As such, Auty and Ader downgraded Zoom Video to Neutral from Overweight with an unchanged price target of $450. While the analyst acknowledged that Zoom is "fundamentally changing" how professionals communicate through the use of its video-first collaboration platform, they argued that the revenue multiple fully reflects the upside potential and believe the under 10-employee segment of the user group posed a risk to churn rates as the vaccine allows for more in-person interaction moving forward, which means they expect the shares to perform more in line with their coverage.
The analysts also downgraded Crowdstrike to Neutral from Overweight with an unchanged price target of $175. While Auty and Ader believe the company is the best positioned to capitalize on the consolidation of endpoint with its technology advantage and experienced management team, U.S. economists are forecasting a rebound in growth in 2021 that they think will not provide the same level of outperformance for high multiple stocks based on current valuations. Based on the current valuation, the analysts believe the stock will not provide the same level of outperformance relative to their coverage in 2021.
Additionally, Auty and Ader downgraded DocuSign (DOCU) to Neutral from Overweight with an unchanged price target of $271. The move to electronic signatures is roughly a $25B opportunity, and the analysts believe digital contracting offers the opportunity to build on top of that level.
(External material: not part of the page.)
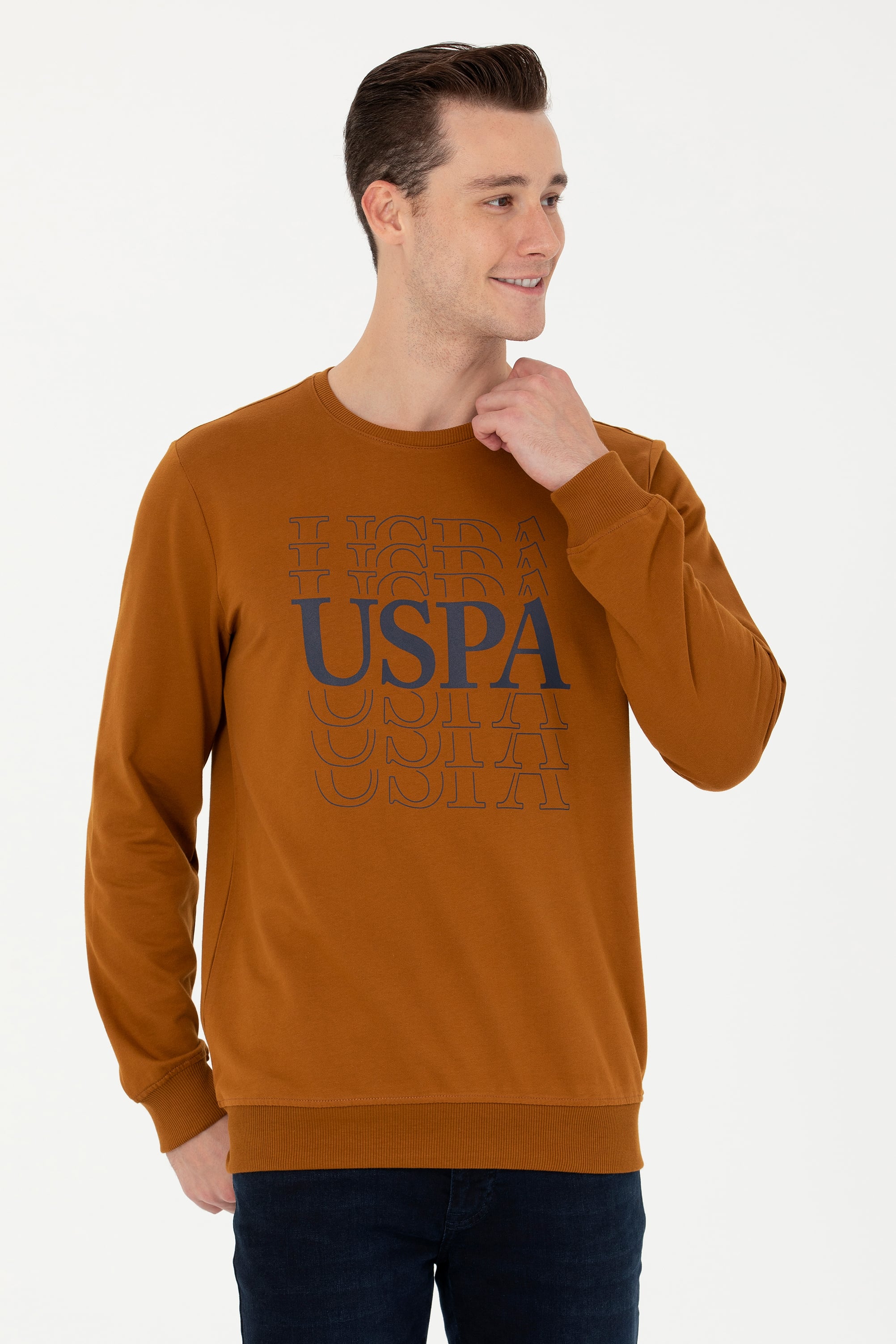 Erkek Coconut Sweatshirt - Image 1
DocuSign is the clear leader in this space by at least a factor of 2-times, they contended. Leading this large and growing space creates significant growth and profit opportunities for DocuSign, but based on the current valuation and the fact that the highest multiple stocks of late 2009 underperformed the entire software industry in 2010, the analysts believe the market is no longer going to provide the same level of outperformance for DocuSign shares in 2021.
The analyst also downgraded Okta (OKTA) to Neutral from Overweight with an unchanged price target of $258. While Okta serves a market that is regarded as the number 1 security priority for enterprises, growth should rebound in 2021 as a vaccine is rolled out, Auty and Ader noted. The 2009-2010 time frame provides a similar period of snapback in growth following a recession, and their analysis shows that the highest valuation software stocks in 2009 underperformed the software industry in 2010. Based on the current valuation, the analysts believe Okta shares will perform in line with their coverage universe.
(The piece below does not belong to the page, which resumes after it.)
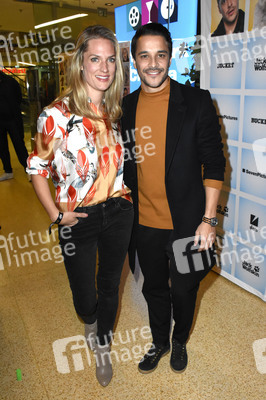 Filmpremiere 'Wuff' in München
Citing similar concerns, Auty and Ader downgraded Palo Alto Networks (PANW) to Underweight from Neutral with an unchanged price target of $308. The analysts noted that Palo Alto has made a series of cloud asset acquisitions and built out a solid cloud portfolio. However, sales execution issues around product revenues in the first half of 2020 and a shift to the cloud are leading to continued product revenue declines, they added. When Next Generation Security is large enough to drive growth acceleration is when the analysts think shares can again sustainably perform in line with their coverage or better, but until then the decline in product will put pressure on growth.
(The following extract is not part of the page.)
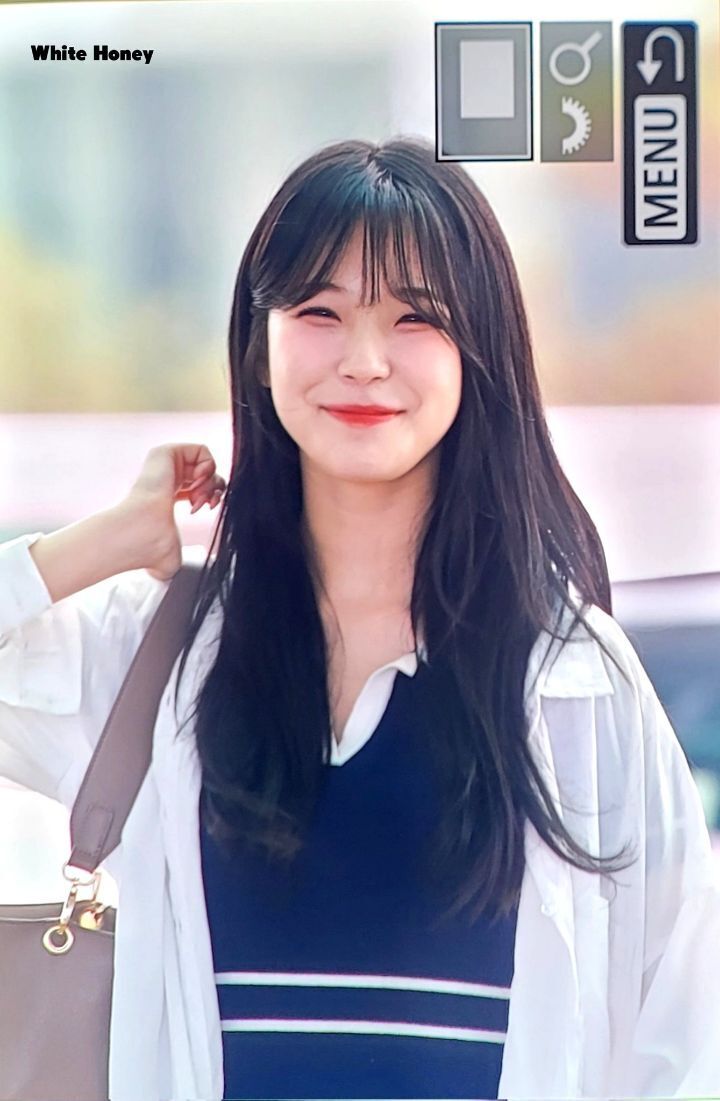 Cute fromis_9 Baek Jiheon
The analysts also downgraded Check Point (CHKP) to Underweight from Neutral with a price target of $134, down from $141; Cloudflare (NET) to Neutral from Overweight with an unchanged price target of $83; Fortinet (FTNT) to Underweight from Neutral with an unchanged target of $140; and Veeva (VEEV) to Underweight from Neutral with an unchanged price target of $297.
UPGRADING CYCLICALLY SENSITIVE NAMES: If economic expansion does materialize beginning in the June quarter, Auty and Ader believe stocks like Autodesk and Intuit will be direct beneficiaries. Design names have direct exposure to manufacturing, industrial, and construction, which should be core to expansion. The analysts believe Intuit, Verisign (VRSN), and Wix.com (WIX) have SMB exposure that could benefit from new business creation following the spike of new business applications reported by the Census Bureau.
Auty and Ader double upgraded Autodesk to Overweight from Underweight with a price target of $345, up from $239. With a vaccine improving the macro disruptions seen in fiscal year 2021, the analysts believe it is a good time to step into the cyclical names like Autodesk. Adding to the cyclical upswing is the growing and underpenetrated construction market, which the company sizes at a $13B TAM in fiscal year 2025, and they think the company is positioned well given its longstanding presence in the architecture and building information management spaces, which present strong opportunities for cross and upselling. The stock also offers an attractive valuation compared to its peers, Auty and Ader contended.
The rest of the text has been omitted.